[[ DATA RECORDS, beginning ]]

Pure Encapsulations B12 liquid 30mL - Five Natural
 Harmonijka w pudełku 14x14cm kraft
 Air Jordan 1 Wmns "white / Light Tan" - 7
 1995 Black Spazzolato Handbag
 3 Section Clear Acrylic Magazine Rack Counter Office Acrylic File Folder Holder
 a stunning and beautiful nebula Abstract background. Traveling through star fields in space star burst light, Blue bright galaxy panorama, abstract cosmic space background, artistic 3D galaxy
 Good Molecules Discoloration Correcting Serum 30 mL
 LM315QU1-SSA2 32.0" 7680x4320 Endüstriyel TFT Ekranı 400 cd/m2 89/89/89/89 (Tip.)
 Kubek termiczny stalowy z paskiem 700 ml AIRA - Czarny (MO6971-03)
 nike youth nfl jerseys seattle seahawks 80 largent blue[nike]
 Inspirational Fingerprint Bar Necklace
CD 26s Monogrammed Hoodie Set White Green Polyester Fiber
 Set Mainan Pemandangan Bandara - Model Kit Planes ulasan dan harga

[[ DATA RECORDS, end ]]

*GOAL OF THE EXERCISE*
Transcribe exactly, and only, the lines from the one with "nike youth nfl" through the last line of the data.

*RESPONSE*
 nike youth nfl jerseys seattle seahawks 80 largent blue[nike]
 Inspirational Fingerprint Bar Necklace
CD 26s Monogrammed Hoodie Set White Green Polyester Fiber
 Set Mainan Pemandangan Bandara - Model Kit Planes ulasan dan harga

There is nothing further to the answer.